En esta Nueva Normalidad, los adolescentes tampoco le temen a la muerte. Temen quedarse eternamente quietos, con sus cuerpos desbordantes, que ya no caben en ese espacio protegido de la niñez. Desterrados de su espacio infantil, sentados frente a una pantalla bidimensional, ellos miran un mundo real e ilimitado al que no tienen acceso. Cuando se apaga la pantalla, quedan solos en el espacio ceniciento de un hogar, pero sin salida. Los adolescentes temen no tener acceso al amor.
Y los adultos, ¿a qué le tememos? No hay un abuelo al que le haya preguntado si prefiere renunciar a ver a sus nietos para salvarse de la muerte que no haya elegido, sin dudarlo, correr el riesgo de muerte. Aunque ahora muchos nietos han quedado dentro de la burbuja, y entonces ya no tienen que enfrentar ese dilema, siempre temen y temerán por sus abuelos, y se acercaran poco a ellos. De modo similar, todos los adultos jóvenes que le han extendido el puñito a un adulto le han dicho, “no es por mí que temo, es por ti, es por cuidarte a ti”.
Luego de un año y medio, y luego de haber recorrido todas las edades, queda bastante claro que ninguno de nosotros le teme a la muerte. Todos tememos dañar a otros, tememos sobrevivir, tememos la tristeza eterna de encontrarnos solos en una nubecilla, en el mejor de los casos. El tapabocas no nos protege del aire que entraría en nuestros pulmones, sino que protege a los demás de nuestro daño potencial, de nuestra maldad imperceptible, asintomática, bajo la forma de un círculo erizado tóxico e invisible que podría salir de nuestras entrañas.
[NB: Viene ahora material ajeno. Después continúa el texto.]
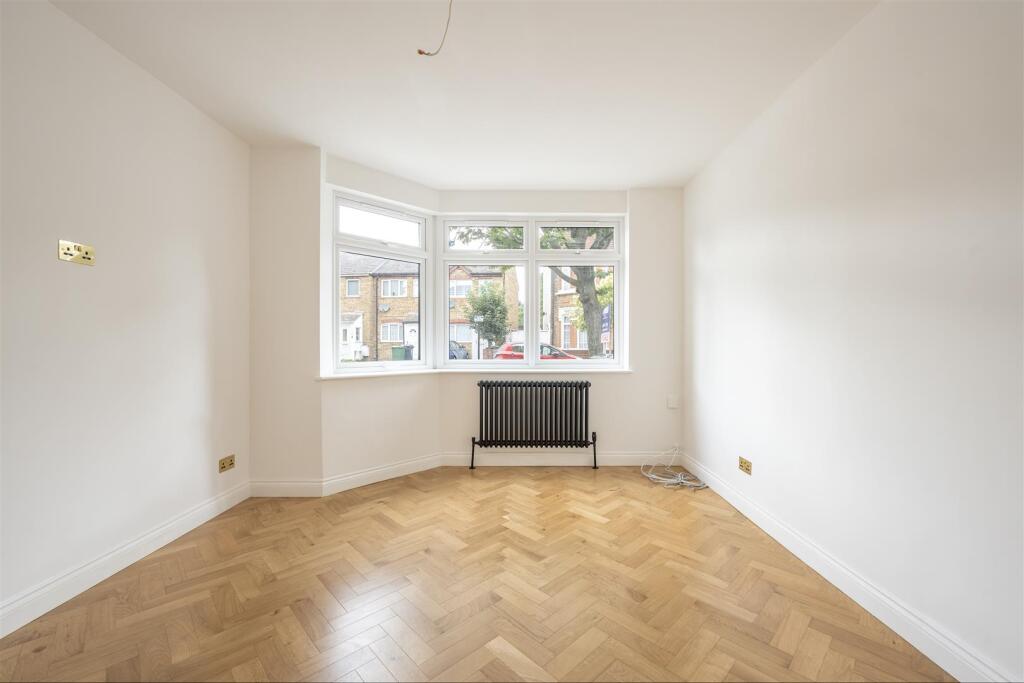 Capworth Street E10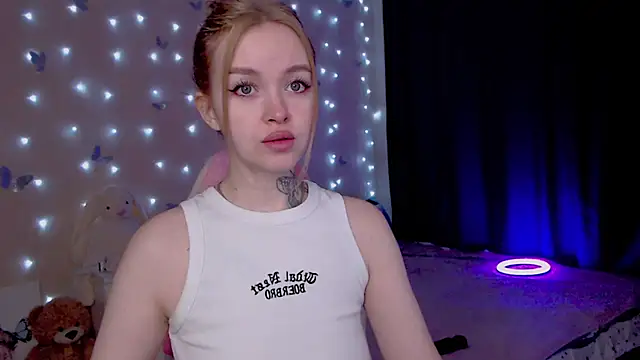 Naughty Mable online show from February 22, 3:07 am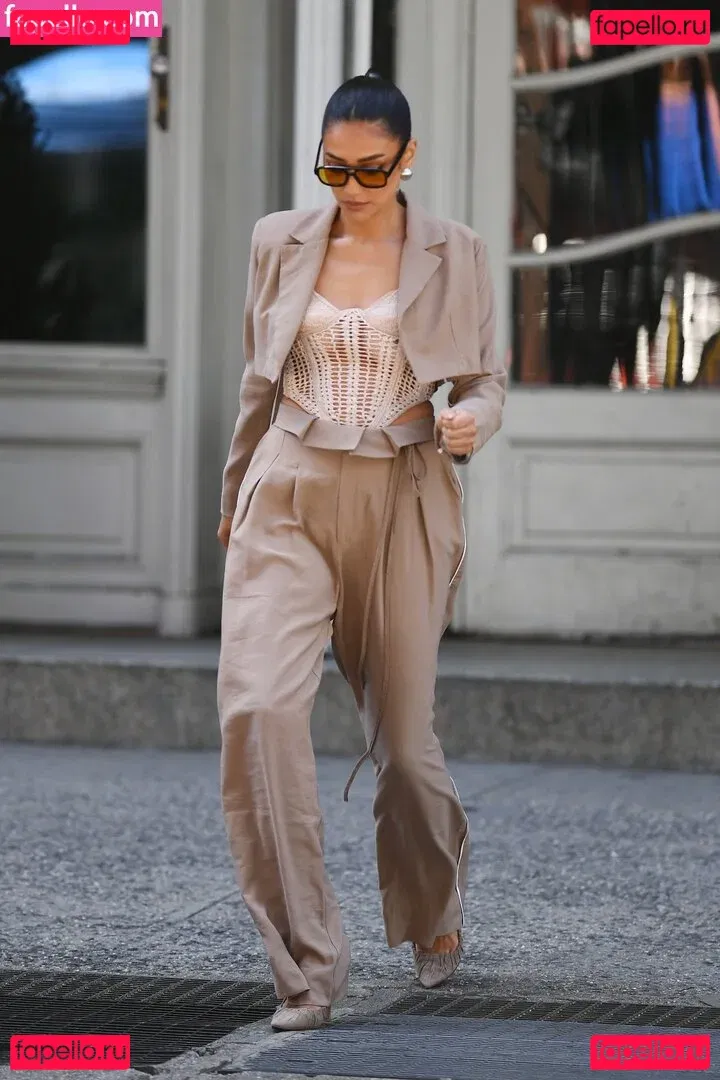 Shay Mitchell Onlyfans Photo Gallery 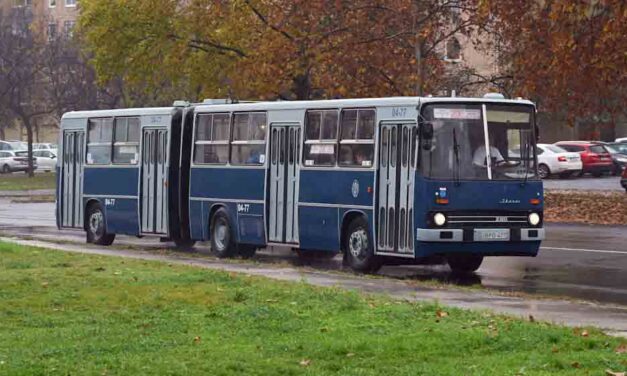 Most már csak retro járatként térnek vissza a régi Ikarus buszok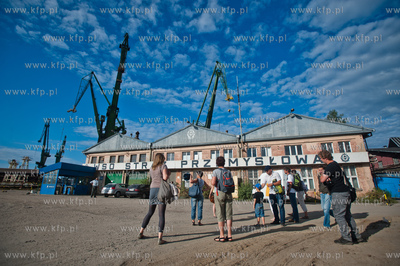 Stocznia Gdanska. Spacer z przewodniczka, bedacy czescia...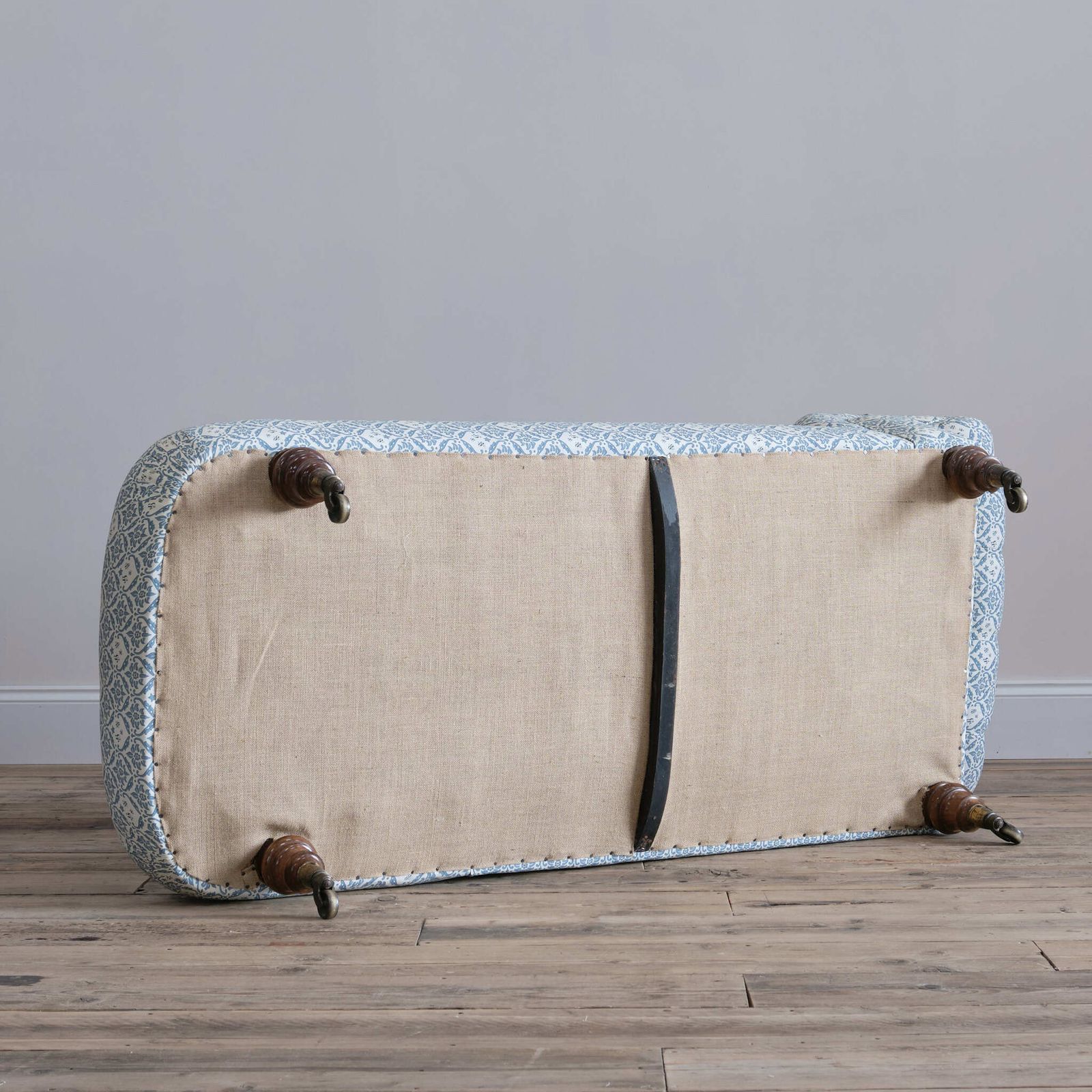 photo for sale Antique 19th Century Howard & Sons Chaise Lounge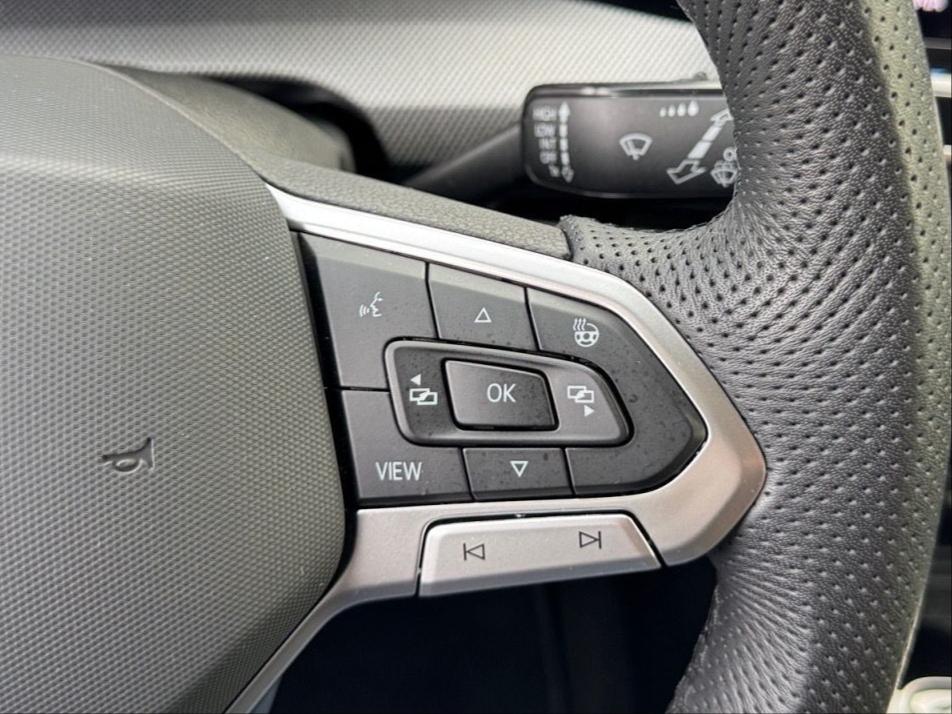 Volkswagen Golf VIII Variant R-Line 1.5 TSI APP*ACC*LED!!, миниатюра 14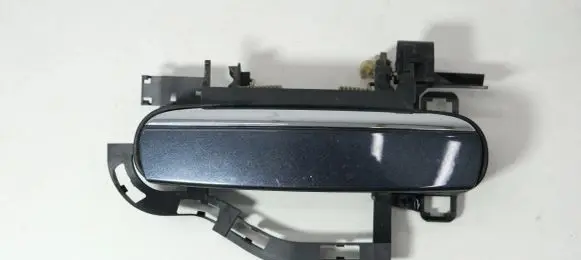 Audi A6 S6 C6 4F Front door exterior handle 4F0839167 4F0837885
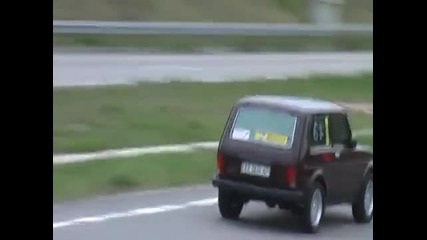 Lada Niva vs Bmw M3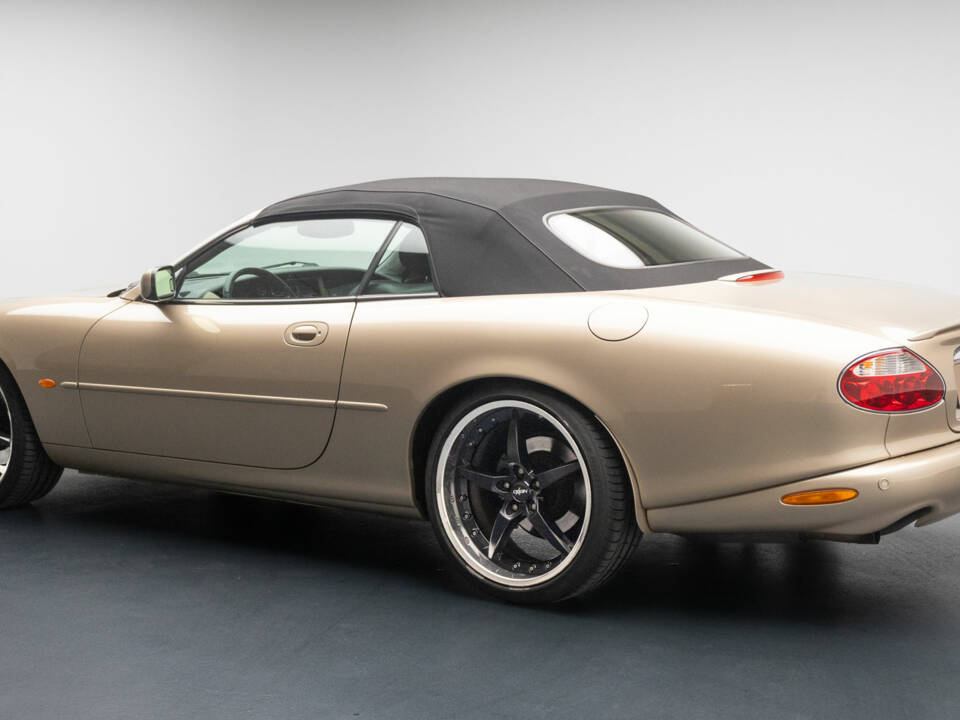 Image 3/9 of Jaguar XKR (2001)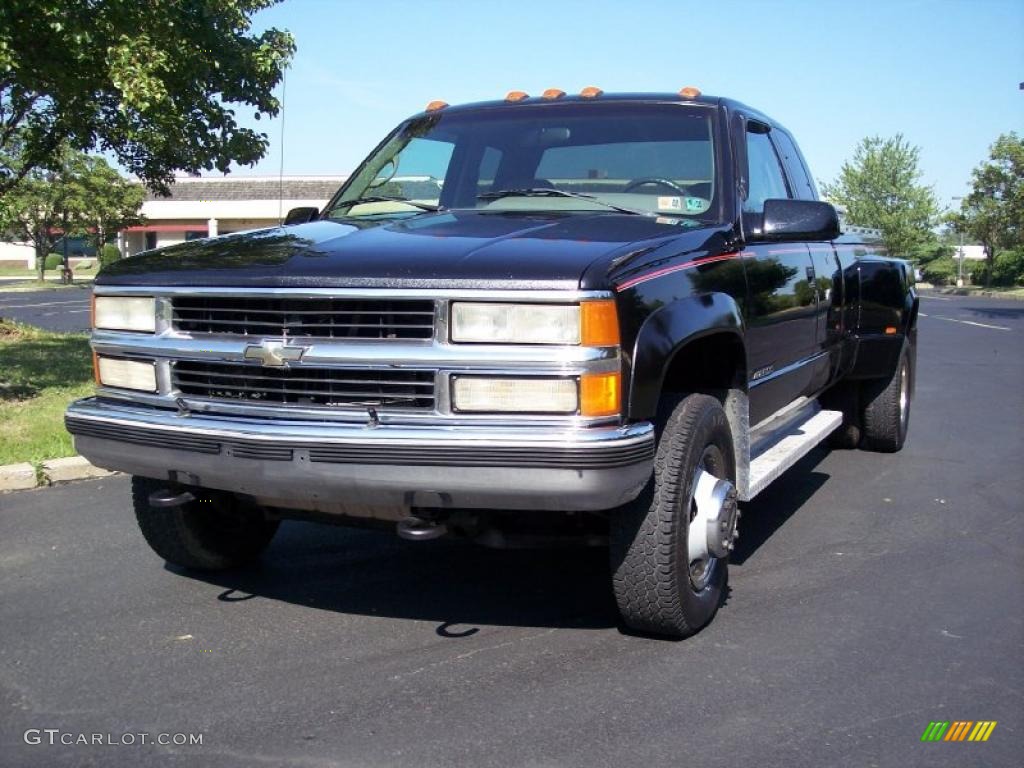 1995 C/K 3500 K3500 Cheyenne Extended Cab 4x4 Dually - Black / Gray photo #14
Frente a ese destino aterrador, tenemos dos salidas posibles. Una consiste en recuperar la confianza en nosotros mismos, en volver a creer en la bondad sintomática y vociferante que nos lleva al apego, al amor, al encuentro, a la risa y al canto. Si no lo hacemos, si no reconocemos nuestra inescapable capacidad de amor, si dudamos de nosotros mismos y de nuestra bondad inevitable, podremos ceder a la tentación de enmascarar nuestra naturaleza, de querer salvar nuestra alma impura con las redentoras vacunas ,a pesar de que sabemos que nos llevarán directamente a la boca del lobo.